While The Thing’s level was certainly a stretch compared to the tense horror movie it was based on, I could at least admit that the environment looked the part. What Funko Fusion is going for became a lot more clear in the Shaun of the Dead level Parsons went to next. While he played as Shaun and another developer as Marty McFly, we saw them fight zombies down a street while trying to help characters from the movie reach Winchester pub in a car.

This more followed the plot of a movie, albeit more loosely. There’s only so much you can do without any voice acting, but I think that has the potential to add to Funko Fusion’s charm. Despite the Funko-fication of everything here, that faithfulness to the IP being used are is Parsons credits with being the secret sauce to a successful licensed game.
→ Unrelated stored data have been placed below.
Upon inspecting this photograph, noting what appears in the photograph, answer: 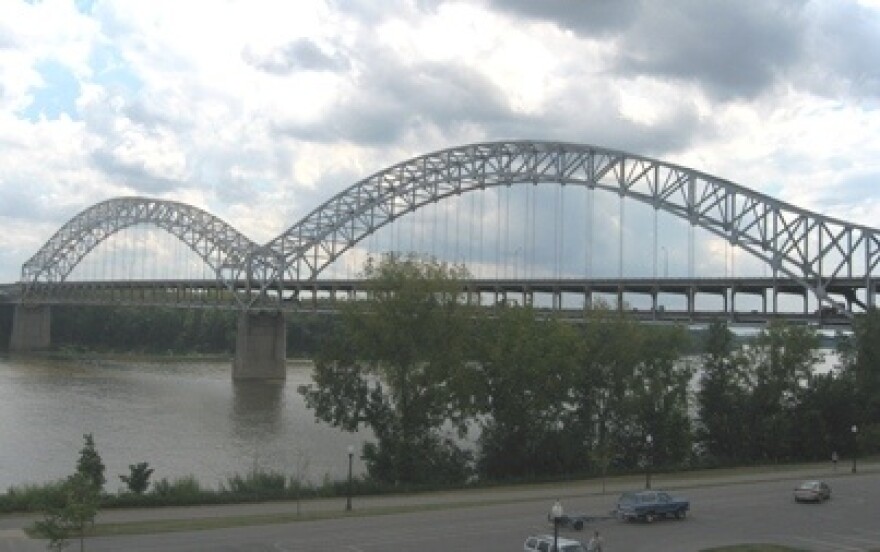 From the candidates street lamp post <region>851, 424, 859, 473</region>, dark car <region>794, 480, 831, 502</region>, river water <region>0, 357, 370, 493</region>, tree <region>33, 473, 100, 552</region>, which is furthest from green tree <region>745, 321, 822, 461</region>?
tree <region>33, 473, 100, 552</region>

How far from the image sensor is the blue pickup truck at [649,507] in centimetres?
Answer: 3106

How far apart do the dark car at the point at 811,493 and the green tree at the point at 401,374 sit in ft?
47.0

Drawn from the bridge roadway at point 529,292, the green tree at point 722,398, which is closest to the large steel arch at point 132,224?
the bridge roadway at point 529,292

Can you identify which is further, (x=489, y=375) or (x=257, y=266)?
(x=257, y=266)

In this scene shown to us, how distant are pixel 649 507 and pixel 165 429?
42.9 m

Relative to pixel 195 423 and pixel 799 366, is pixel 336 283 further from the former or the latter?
pixel 799 366

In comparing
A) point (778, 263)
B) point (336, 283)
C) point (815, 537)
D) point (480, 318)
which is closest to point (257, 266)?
point (336, 283)

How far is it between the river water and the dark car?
2114cm

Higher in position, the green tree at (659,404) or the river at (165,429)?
the green tree at (659,404)

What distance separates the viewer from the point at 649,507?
31.2m

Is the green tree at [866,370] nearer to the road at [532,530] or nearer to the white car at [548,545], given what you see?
the road at [532,530]

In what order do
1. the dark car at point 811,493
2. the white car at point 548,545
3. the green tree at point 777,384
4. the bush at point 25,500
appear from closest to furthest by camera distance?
the white car at point 548,545 → the bush at point 25,500 → the dark car at point 811,493 → the green tree at point 777,384

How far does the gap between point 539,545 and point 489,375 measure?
21270mm

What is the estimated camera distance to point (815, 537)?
28.8 meters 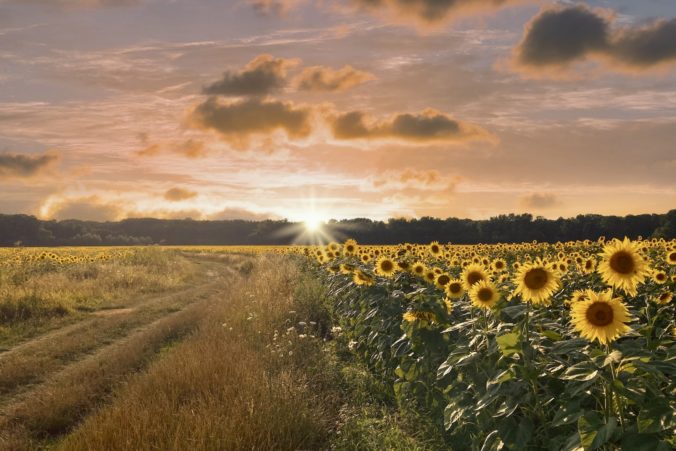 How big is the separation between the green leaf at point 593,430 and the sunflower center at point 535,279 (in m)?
1.00

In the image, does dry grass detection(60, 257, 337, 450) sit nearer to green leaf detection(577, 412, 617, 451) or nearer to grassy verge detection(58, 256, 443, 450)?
grassy verge detection(58, 256, 443, 450)

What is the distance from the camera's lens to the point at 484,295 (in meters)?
4.22

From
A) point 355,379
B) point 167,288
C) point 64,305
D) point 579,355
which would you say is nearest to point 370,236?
point 167,288

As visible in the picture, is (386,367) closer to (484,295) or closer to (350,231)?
(484,295)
“The key thing with working with third-party IP is making sure that you treat the IP 100% respectfully, but most importantly, you have to be a fan of that IP,” Parsons says. “With something like this, where there are so many IPs, there’s a lot of research, time, and effort that goes into making sure we really know these IPs. But in order to deliver a fantastic, fun, authentic experience, you’ve got to effectively think as a fan … If [third-party partners] know that you’re a fan, they’re going to trust you, and the great thing is that our partners are great, and they trust us.”

A corrupted enemy in Funko Fusion.
10:10 Games

Until I go hands-on with Funko Fusion, I’m not quite sure if such a weird project could work. I’m admittedly getting tired of IP crossovers, so the gameplay will really have to be entertaining enough to keep the experience enthralling once the initial novelty wears off. But thanks to the team behind it, I do have hope that it will be able to recapture some of the magic of those early Lego games with its eclectic, sometimes overtly violent gameplay and mix of iconic franchises.

Funko Fusion launches for PC, PlayStation 5, Xbox Series X, and Nintendo Switch on September 13.